30 May The Social Media Backstab
In this age of social media, it is so important how you attend to customers and handle their issues. For all you know, I could be a mystery shopper rating you on your prowess. At the very least, I could simply take my business elsewhere, but more importantly, you don’t know how connected I am on Facebook, Twitter or LinkedIn or what I do, or whom I speak to, for a living.
I stayed at a motel in a large NSW Country town on Sunday night because I was attending a funeral on Monday. The region can get rather cold, and being a few days away from winter, it was quite chilly.
I shared a room with my octogenarian mother and septuagenarian uncle who had been briefed on the room by the owner. I had flown in from another state and arrived separately.
The motel was clean and adequate but all night we were kept awake by a noise that went off every five minutes; a deep, sustained sound, similar to a pool pump. I tried to wake the owner at 1 am to see if we could switch rooms because the three of us in the room could not sleep.
The next morning, after three and a half hours of broken sleep, I spoke to the owner about the issue.
Given that I teach communication skills, I understand the importance of the way you broach difficult conversations. I used some Emotional Judo® tools to get the proprietor on side and then told him of our experience. Instantly, on learning of the issue, he bristled and denied there was a problem; it must have been outside the hotel. He did not apologise for our inconvenience or show empathy at our lack of sleep. At this point, in my old ways of dealing with such situations, I would have been peeved at that and reacted in a way that had us doing emotional karate and butting heads. Instead I acknowledged it could have been outside, it did not seem likely, and I invited him back to the room to listen.
It turns out that it was the central heating making the noise. He demonstrated to me in a patronising way, as if to say, all you had to do is turn this switch off. He washed his hands of responsibility by saying that he had shown this switch to my mother and uncle. I again did Emotional Judo® to acknowledge that he may have shown them the switch and also that it was a simple fix. I also asked whether he had alerted them to the noise and whether he thought it was acceptable to have such noisy central heating in a town renowned for its low temperatures. He then countered with one of the seven sneaky tricks in difficult conversations – a shift of context.
Sometimes, Emotional Judo® tactics will have people move quickly to collaboration. Other times people are stubborn to move from their karate tactics and it takes longer.
At this point I had to choose, whether to continue with my Emotional Judo® skills for some resolution or spend my time on something more important. As I was tired, and we had to get to the funeral, I decided to drop the issue.
It is at this time most proprietors would think the matter is over. They do not think of the longer-term implications of their behaviour and wonder why they have a decrease in patronage. In this country town, there is competition and this business can do with help.
It used to be a saying that if you have a positive experience you will tell two people, and if you have a negative experience you will tell ten. These days you may tell thousands on social media, by virtue of re-posting.

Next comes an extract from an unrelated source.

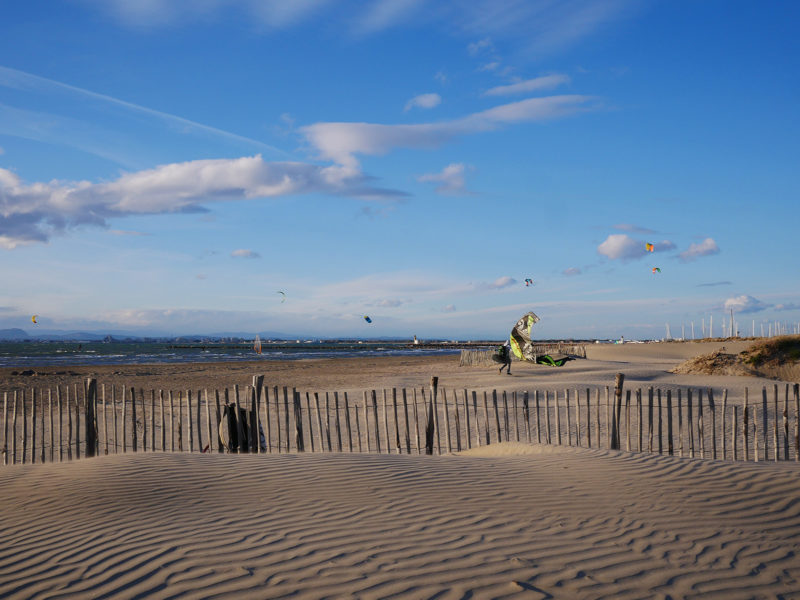 En vakker strand og en kitesurfer som bærer dragen sin etter en økt.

I am not doing that, nor am I mentioning the name of the town or motel in this blog. My uncle, on the other hand, will give honest, poor feedback about the noise and lack of care in dealing with it, on the booking site. This will lower their star rating, which may dissuade future custom.
How are your staff dealing with difficult conversations? Are they cementing the customers and clients to the organisation or potentially alienating them?
Are your managers doing the same with their staff?
Prevention is better than cure.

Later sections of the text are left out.